THE major roads in and out of Swindon have been rated among the safest in England.

The AA Motoring Trust review of England's major roads has found the four major routes out of the town were, at worst, low to medium risk roads.

The EuroRAP survey found the A419, A346, A338 and the A420 were all in the low to medium risk of death or serious injury category.

The M4 between Swindon and Bristol was deemed low risk.

Between Swindon and London it joined the A-roads in being low to medium risk to the west of Reading before getting safer closer to the capital.

But the report warned that rural main roads that run through villages can be death traps.

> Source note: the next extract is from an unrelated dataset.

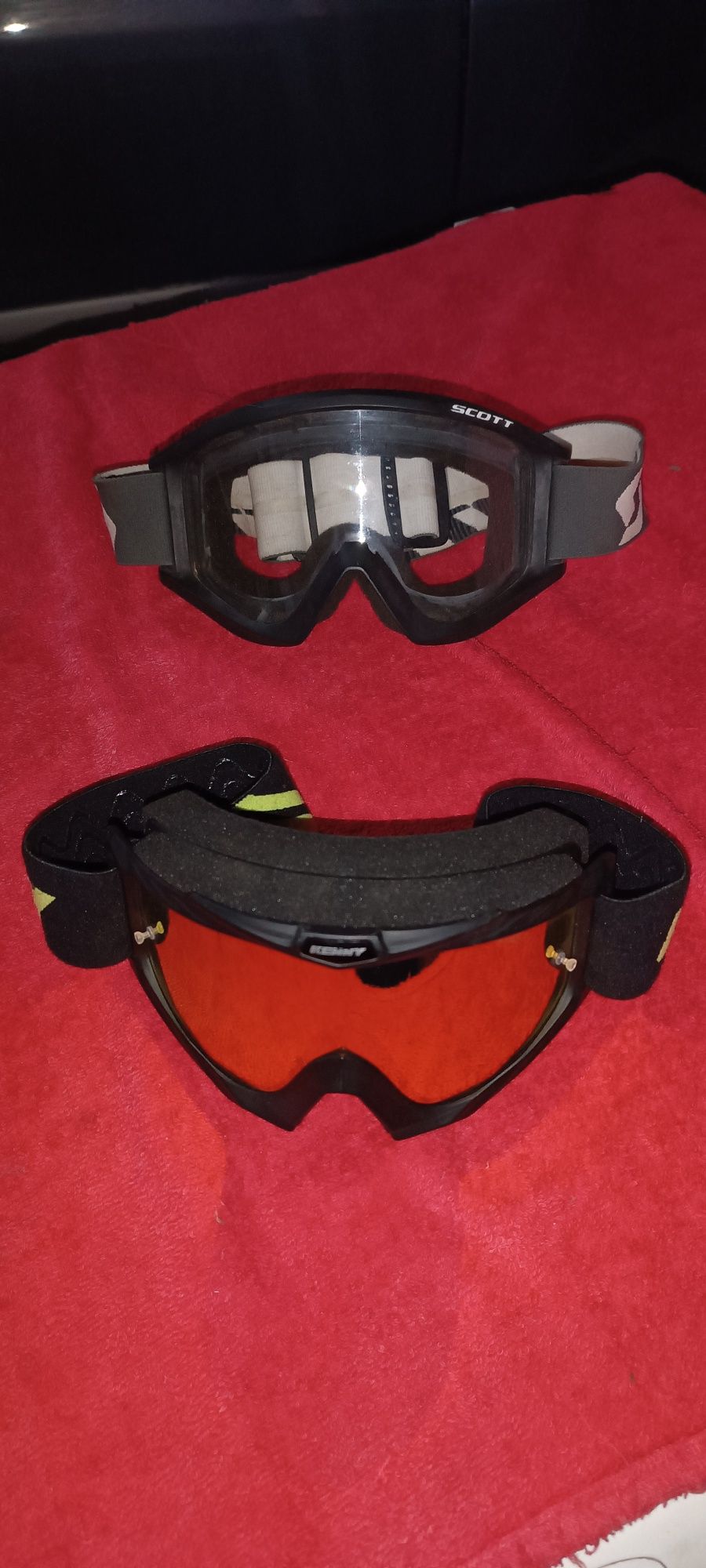 Capacete Kenny Track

Fatal and serious injury accidents are on average five times more likely where rural main roads run through built-up sections than along open-road country sections of the same route.

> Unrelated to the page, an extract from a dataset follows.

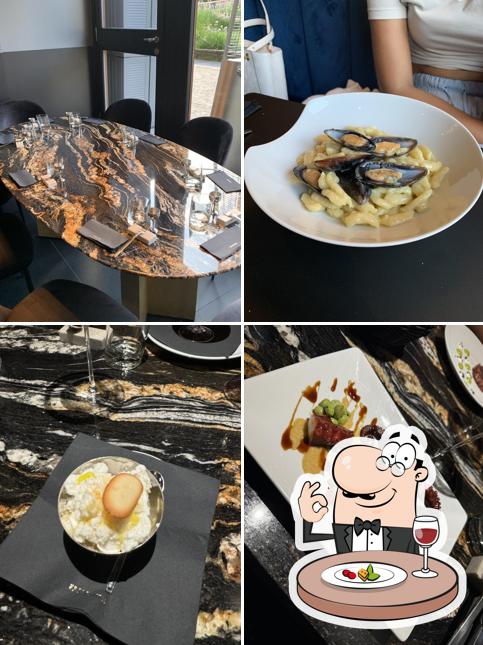 Platti al Ristorante Frischhh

The trust said that some main roads in Britain are just as dangerous as they were five years ago.

The safest roads are up to 10 times safer than the most dangerous, with single-carriageway roads dominating the list of consistently higher-risk roads.

Motorways are five times safer than the average single-carriageway road and twice as safe as dual carriageways.

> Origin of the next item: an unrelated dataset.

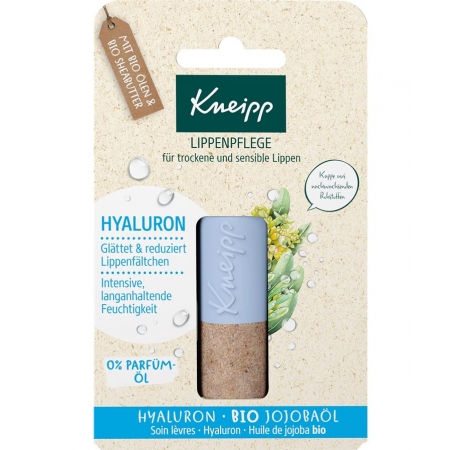 KNEIPP BALSAMO LABIAL ACIDO HIALURONICO 1 ENVASE 4,7 G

Among the most improved roads, casualties have dropped by three-quarters, thanks to measures that encourage drivers to adapt to the sudden change from open road to busier semi-urban layouts.

AA Motoring Trust director Bert Morris said: "People continue to be killed and badly injured because simple, affordable measures that dramatically reduce risk are not being put in place."

The five roads with the consistently highest risk of a fatal or serious injury accident are: the A682, from junction 13 of the M65 to the A65 Long Preston in North Yorkshire; the A54 Congleton to Buxton in Derbyshire; the A61 Barnsley to Wakefield in Yorkshire; the A82 Tyndrum to Tarbet in Stirlingshire, Scotland; and the A623 Baslow road to Chapel-en-le-Frith. Derbyshire.